La mia vista mi elude, a tratti vedo macchie nere, ed ignoro il dolore lancinante allo stomaco causato dalla fame. La mia bocca desidera ardentemente un goccio d'acqua, le mie labbra screpolate faticano a sopprimere l'urlo che ho desiderato emettere da quando sono arrivato qui. Combatto il richiamo del sonno, terrorizzato dal fatto che se chiuderò gli occhi per più di un istante, non li aprirò più.

Da quando mi trovo qui, l'S.I. ha sopraffatto un'altra vittima, appendendolo al soffitto insieme agli alti. Durante i giorni che ho trascorso nascosto, ho sentito l'S.I. aggirarsi nei corridoi, cercandomi.

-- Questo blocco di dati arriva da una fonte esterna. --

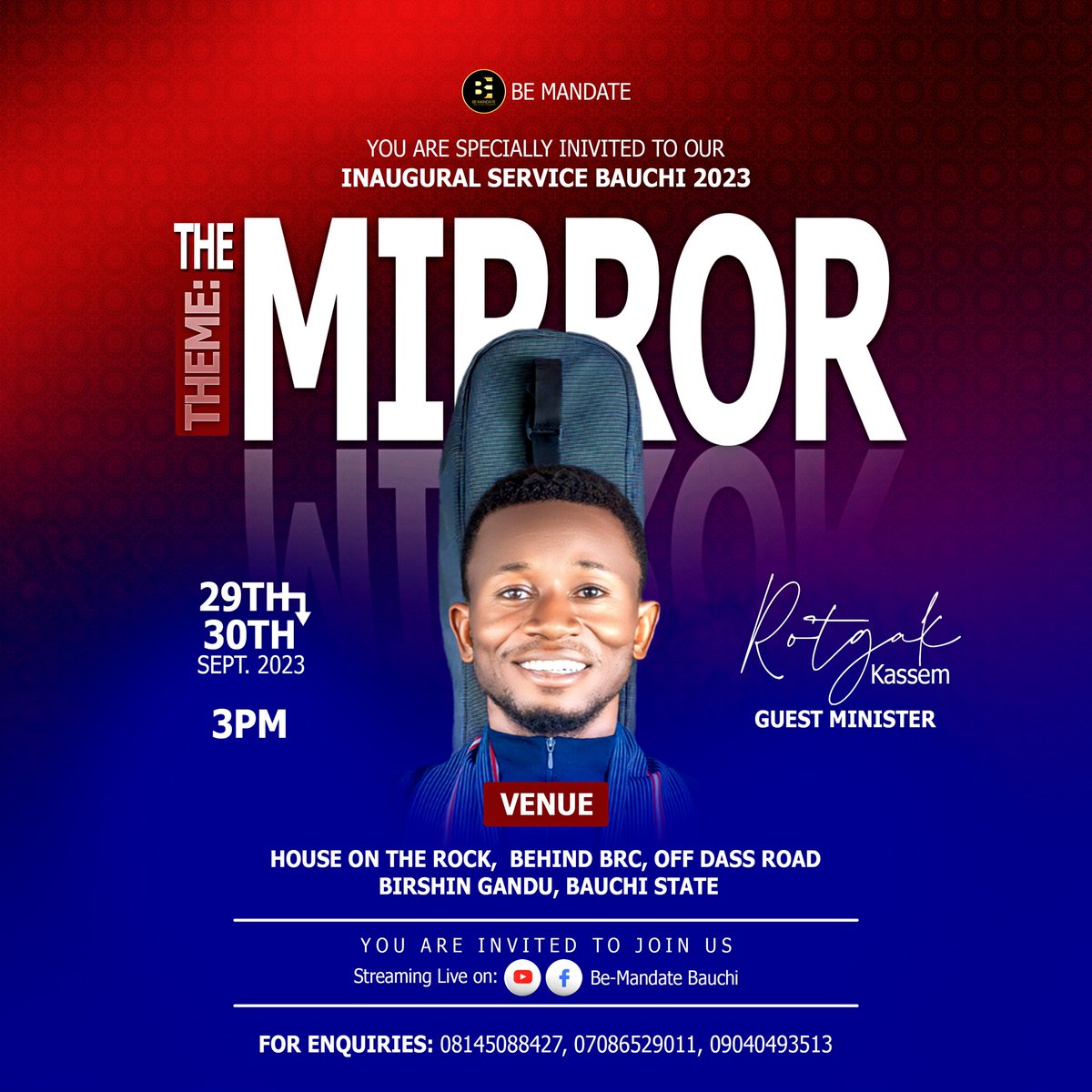 BeMandateBauchi's tweet photo. MEET THE MINISTERS: Minister Rotgak Kassem is a musical marvel, talented praise leader and guitarist, whose gift can transport listeners, to a realm of worship and prayer. Honored to have him join us for this special event. #BEMandateBauchi #InauguralService #BeMirrored #RHI https://t.co/M8swaCokmp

Ho considerato cambiare il mio nascondiglio in favore di uno in cui non sarò così vulnerabile, ma le gambe e le braccia sono insensibili, e mi è quasi impossibile muovermi.

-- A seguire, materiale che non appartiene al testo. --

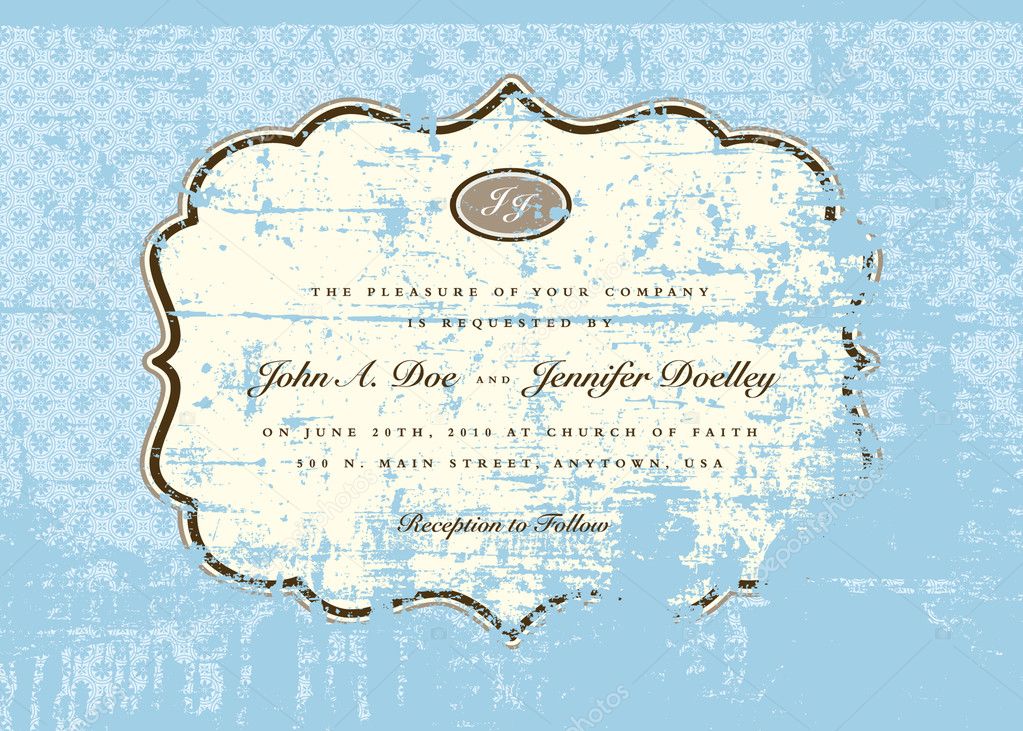 Vector Distressed Blue Pattern and Frame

Quindi resto qui, in attesa di essere catturato.

In attesa di essere ucciso.

La puzza di morte mi è ormai famigliare, l'odore si è attaccato ai miei vestiti, insinuandosi nei miei pori, consumandomi. Il battito del mio cuore è l'unica cosa che mi rende diverso dagli altri.

Sento l'S.I. nel corridoio fuori dalla palestra per la seconda volta oggi, è solo questione di tempo prima che mi trovi. Trattengo il respiro quando passa oltre la porta; non si aspetta che mi trovi qui data la ripugnante puzza di omicidio che inonda la stanza. I suoi passi si allontanano, quindi rilascio il respiro con le lacrime agli occhi.

Mi sento come un animale che viene cacciato, ma che finisce in trappola: completamente senza speranze. Le mie convinzioni di falsa forza e valore, le stesse che ho sostenuto, andare in frantumi, rivelando la paura e la vulnerabilità che ho accumulato. Senza i miei muri mentali di sicurezza, le mie emozioni prendono il sopravvento e comincio a singhiozzare il più in silenzio possibile.

Non è un pianto che porta sollievo. È quel tipo di pianto che ti lascia con un mal di testa, il naso che cola, ed il petto colmo di pesantezza e dolore. Le lacrime mi rigano il volto rosso, si soffermano sui miei capelli sporchi e poi cadono sul pavimento di legno polveroso. Mi ritrovo a boccheggiare nella pausa fra una crisi e l'altra.

Coricato nella polvere e le lacrime salate, penso a Rosemary. Penso al suo sorriso. Penso alla sua risata. Penso al modo in cui i suoi occhi brillano quando guarda me, e solo me. Penso a come le piaccia il suo tè ed il suo caffè. Penso al sapore che ha la sua dolce bocca sulla mia. La mia mente si isola, e quasi riesco a percepire il fantasma di un suo bacio sulle mie labbra tremanti.

Per quanto vorrei restare in questo santuario immaginario con lei, allontano il pensiero tentando di calmarmi ed asciugarmi le lacrime.

Nel calmarmi giungo alla conclusione che non sto nemmeno piangendo per la mia situazione. Sto piangendo per la mia vita...come se mi appartenesse al momento. La mia vita è di proprietà dell'S.I., e posso solo sperare che il team mi trovi prima che possa farlo lui.